* [Work instruction] Could you repeat exactly the lines below, from the line containing "Adoreen Cat 6" through the last one, both included, while leaving out any pictures?

* [Data block]
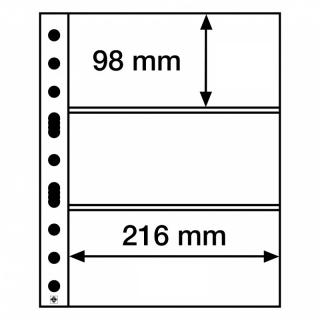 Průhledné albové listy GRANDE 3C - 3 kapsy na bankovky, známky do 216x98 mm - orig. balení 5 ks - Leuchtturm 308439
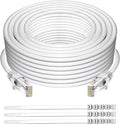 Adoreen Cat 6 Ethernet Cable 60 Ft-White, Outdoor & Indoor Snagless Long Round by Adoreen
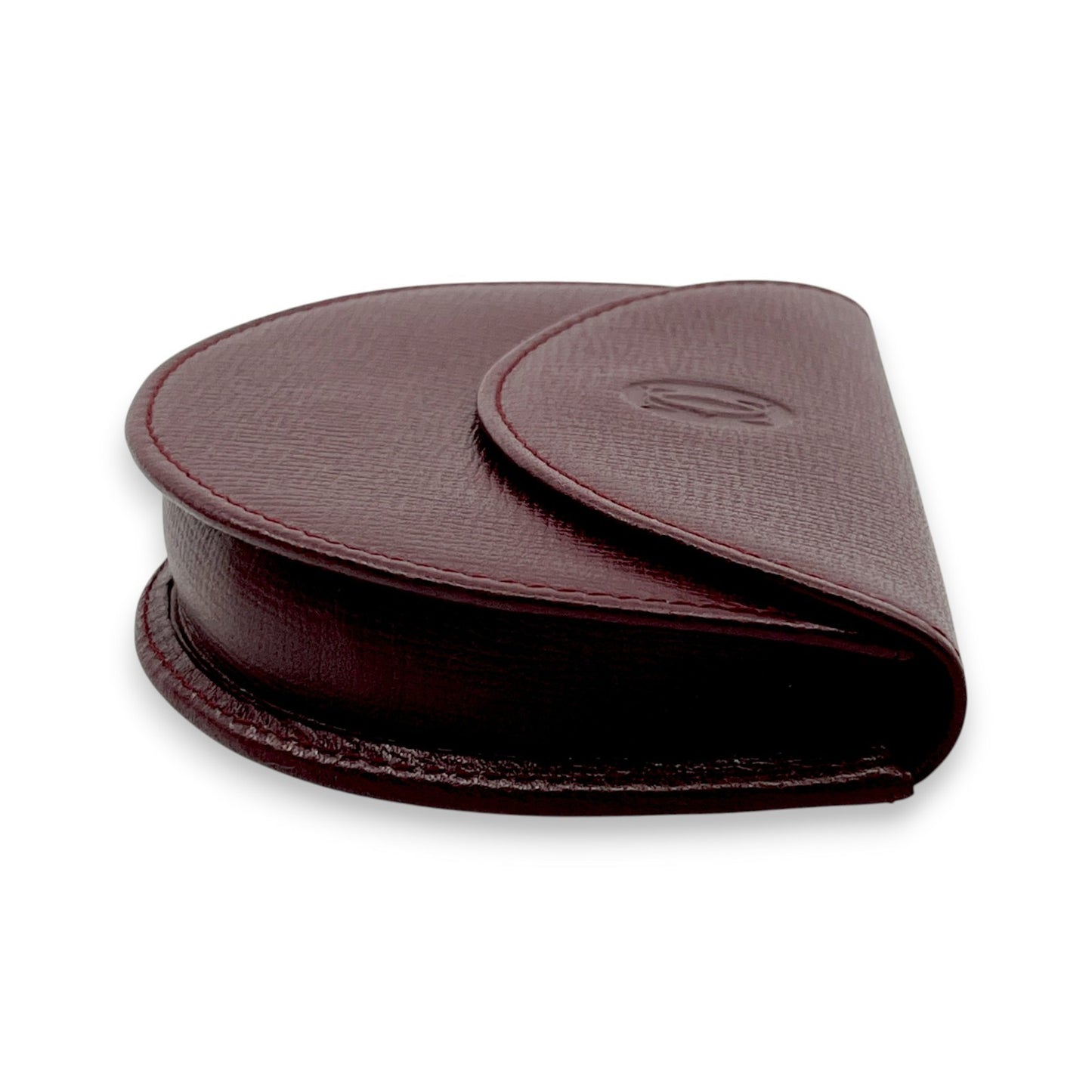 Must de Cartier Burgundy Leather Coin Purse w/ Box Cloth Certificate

* [Solved problem]
 Adoreen Cat 6 Ethernet Cable 60 Ft-White, Outdoor & Indoor Snagless Long Round by Adoreen
 Must de Cartier Burgundy Leather Coin Purse w/ Box Cloth Certificate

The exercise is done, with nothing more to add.